When it comes to risk and possible profit, indexed annuities are in the middle. Although a percentage of an individual’s return is connected to the success of a market index, an individual has assured a minimum payout.
How Does An Annuity Work?
Annuities are meant to give insured individuals a consistent cash flow during their retirement years and to relieve them of their concerns about outliving their assets. As these assets may not be sufficient to maintain their respective standard of life, some individuals may also choose to acquire an annuity contract from an insurance company or other financial institution.
Annuities are good financial solutions for those individuals who want a steady, guaranteed retirement income. As the lump sum invested in the annuity is illiquid and susceptible to withdrawal penalties, this financial instrument is not suggested for younger people or those who require liquidity. Longevity risk is mitigated by the fact that annuity holders cannot outlive their income stream.
What Is the Surrender Period In An Annuity?
The surrender period is the time that an individual must wait before withdrawing cash from their respective annuity without incurring a penalty. Withdrawals made before the surrender period's completion may be subject to a surrender charge, which is basically a postponed sales cost. This time period usually lasts several years. If an investor withdraws the invested money before the surrender time expires, they may face a substantial penalty.
Why Buy An Annuity?
Annuities are a solid financial option for people who seek a predictable, guaranteed income in retirement. This financial instrument is not recommended for younger individuals or those who demand liquidity since the lump amount invested in the annuity is illiquid and subject to withdrawal penalties.

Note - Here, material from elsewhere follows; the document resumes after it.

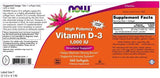 NOW Supplements, Vitamin D-3 1,000 IU, High Potency, Structural Support*, 360 Softgels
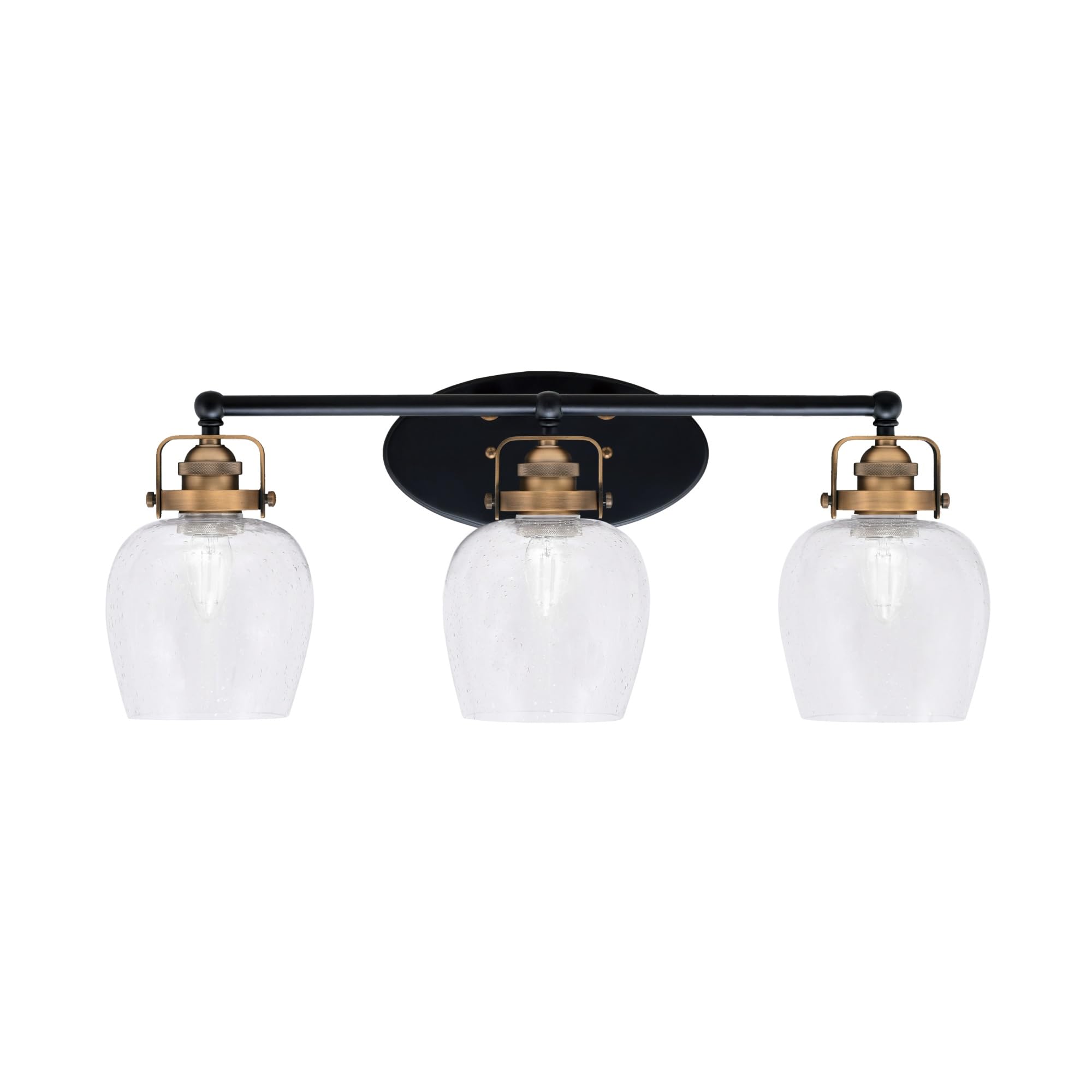 Easton 3 Light Bath Bar Shown In Matte Black & Brass Finish With 6" Clear Bubble Glass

The fact that annuity holders cannot outlive their income stream reduces longevity risk.
The beauty of yearly financial planning is that it allows an individual to revisit and change their goals as life unfolds, as well as to measure their progress toward them. Over time, an individual will realise that the minor things they do on a daily and monthly basis, as well as the larger things they do each year and over decades, all, contribute to their financial objectives.
Disclaimer: This article is issued in the general public interest and meant for general information purposes only. Readers are advised not to rely on the contents of the article as conclusive in nature and should research further or consult an expert in this regard.